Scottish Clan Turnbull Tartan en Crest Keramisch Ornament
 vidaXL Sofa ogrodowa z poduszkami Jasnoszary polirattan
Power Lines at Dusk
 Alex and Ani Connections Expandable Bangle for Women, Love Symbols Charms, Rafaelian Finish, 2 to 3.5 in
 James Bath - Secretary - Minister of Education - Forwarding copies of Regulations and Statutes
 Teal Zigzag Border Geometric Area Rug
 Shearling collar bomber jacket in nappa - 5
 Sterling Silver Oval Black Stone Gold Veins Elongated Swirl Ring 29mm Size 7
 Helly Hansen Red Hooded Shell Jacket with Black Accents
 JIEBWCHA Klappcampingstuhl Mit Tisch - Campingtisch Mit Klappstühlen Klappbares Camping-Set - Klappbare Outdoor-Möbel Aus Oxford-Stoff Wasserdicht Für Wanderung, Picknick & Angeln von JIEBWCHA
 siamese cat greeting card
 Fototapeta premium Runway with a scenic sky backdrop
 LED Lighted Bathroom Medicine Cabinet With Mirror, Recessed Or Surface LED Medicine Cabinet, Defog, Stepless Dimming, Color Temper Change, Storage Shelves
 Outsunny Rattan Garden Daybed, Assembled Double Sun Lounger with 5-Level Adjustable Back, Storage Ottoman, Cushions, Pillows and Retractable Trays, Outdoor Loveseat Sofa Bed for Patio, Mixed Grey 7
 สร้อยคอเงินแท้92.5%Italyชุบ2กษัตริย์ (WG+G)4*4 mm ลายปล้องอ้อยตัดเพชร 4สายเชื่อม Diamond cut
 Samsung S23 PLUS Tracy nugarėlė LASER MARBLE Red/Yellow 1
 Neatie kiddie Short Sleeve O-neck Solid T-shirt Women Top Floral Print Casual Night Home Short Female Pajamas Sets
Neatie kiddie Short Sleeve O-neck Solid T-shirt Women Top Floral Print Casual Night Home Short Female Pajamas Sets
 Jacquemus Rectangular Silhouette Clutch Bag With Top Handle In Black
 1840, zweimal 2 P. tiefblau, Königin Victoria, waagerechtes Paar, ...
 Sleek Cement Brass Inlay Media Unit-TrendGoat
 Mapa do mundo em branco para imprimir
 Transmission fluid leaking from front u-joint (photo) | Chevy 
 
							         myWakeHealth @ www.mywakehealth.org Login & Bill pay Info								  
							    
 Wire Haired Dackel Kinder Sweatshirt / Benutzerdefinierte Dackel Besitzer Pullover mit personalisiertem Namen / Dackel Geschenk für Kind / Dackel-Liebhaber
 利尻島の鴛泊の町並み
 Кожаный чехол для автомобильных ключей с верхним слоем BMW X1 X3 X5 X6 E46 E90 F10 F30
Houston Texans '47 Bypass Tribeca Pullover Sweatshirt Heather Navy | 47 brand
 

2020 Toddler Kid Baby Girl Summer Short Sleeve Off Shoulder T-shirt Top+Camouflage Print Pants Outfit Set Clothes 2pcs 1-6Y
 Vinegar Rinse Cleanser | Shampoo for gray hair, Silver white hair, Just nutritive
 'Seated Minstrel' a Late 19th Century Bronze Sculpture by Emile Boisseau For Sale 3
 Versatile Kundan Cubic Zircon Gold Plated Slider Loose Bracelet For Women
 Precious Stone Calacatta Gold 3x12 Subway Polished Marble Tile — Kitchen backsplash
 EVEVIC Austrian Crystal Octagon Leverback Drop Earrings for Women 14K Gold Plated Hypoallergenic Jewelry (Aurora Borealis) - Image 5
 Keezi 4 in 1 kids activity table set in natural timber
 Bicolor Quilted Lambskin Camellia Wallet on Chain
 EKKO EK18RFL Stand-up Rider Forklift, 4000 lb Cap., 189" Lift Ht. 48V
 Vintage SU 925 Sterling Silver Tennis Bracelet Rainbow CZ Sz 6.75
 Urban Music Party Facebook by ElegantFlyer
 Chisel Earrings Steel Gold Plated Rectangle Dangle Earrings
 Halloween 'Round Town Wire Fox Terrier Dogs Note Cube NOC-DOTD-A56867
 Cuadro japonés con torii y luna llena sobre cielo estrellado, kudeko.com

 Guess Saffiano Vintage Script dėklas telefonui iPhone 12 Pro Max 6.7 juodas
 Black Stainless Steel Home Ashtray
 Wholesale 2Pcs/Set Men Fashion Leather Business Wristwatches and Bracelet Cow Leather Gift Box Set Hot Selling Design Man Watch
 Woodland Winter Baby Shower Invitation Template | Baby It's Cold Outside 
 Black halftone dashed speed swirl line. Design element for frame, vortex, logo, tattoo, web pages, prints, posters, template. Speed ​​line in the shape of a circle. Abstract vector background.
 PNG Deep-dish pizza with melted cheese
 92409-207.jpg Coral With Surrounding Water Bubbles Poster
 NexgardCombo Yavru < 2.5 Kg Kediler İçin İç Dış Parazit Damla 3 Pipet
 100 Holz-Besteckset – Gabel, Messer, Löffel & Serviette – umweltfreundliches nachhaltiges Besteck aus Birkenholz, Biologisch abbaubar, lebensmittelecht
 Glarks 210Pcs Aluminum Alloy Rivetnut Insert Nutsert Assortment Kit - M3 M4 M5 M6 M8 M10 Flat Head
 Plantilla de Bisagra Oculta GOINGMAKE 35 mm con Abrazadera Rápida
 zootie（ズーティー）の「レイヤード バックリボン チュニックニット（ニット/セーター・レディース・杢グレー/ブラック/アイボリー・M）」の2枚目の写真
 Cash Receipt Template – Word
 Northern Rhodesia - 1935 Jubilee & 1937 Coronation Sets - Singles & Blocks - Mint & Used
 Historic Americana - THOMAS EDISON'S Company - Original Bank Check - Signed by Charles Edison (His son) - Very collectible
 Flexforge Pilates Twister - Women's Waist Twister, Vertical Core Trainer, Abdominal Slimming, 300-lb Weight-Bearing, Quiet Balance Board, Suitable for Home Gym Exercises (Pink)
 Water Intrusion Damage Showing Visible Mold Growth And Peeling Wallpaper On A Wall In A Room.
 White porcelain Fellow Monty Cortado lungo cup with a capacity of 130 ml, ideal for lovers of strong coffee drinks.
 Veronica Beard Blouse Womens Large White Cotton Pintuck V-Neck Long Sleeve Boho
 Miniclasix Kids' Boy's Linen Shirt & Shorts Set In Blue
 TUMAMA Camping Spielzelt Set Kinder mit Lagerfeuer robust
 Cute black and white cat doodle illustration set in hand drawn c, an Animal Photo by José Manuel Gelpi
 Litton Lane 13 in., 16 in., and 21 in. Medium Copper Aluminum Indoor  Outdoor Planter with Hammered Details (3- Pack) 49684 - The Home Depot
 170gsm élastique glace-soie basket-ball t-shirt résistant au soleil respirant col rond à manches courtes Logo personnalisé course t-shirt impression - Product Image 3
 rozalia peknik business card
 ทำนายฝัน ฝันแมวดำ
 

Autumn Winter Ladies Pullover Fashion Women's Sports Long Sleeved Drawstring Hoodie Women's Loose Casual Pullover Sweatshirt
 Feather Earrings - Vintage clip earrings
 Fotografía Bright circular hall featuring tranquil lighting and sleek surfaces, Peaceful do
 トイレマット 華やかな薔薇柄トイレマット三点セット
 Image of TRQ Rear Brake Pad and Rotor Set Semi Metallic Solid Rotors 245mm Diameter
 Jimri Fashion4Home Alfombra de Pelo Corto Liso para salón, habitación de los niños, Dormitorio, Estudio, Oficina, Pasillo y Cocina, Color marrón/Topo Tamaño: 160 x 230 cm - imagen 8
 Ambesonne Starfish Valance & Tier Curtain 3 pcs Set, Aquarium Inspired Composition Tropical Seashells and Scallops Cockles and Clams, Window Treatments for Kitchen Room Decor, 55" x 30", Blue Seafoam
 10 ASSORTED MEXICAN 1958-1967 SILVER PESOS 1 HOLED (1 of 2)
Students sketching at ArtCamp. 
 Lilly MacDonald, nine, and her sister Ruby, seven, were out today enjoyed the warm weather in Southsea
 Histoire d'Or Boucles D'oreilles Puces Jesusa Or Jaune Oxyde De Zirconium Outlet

:::

### Exercise
From the listing, copy each line containing the word "Design".

### Written solution
 Wholesale 2Pcs/Set Men Fashion Leather Business Wristwatches and Bracelet Cow Leather Gift Box Set Hot Selling Design Man Watch
 Black halftone dashed speed swirl line. Design element for frame, vortex, logo, tattoo, web pages, prints, posters, template. Speed ​​line in the shape of a circle. Abstract vector background.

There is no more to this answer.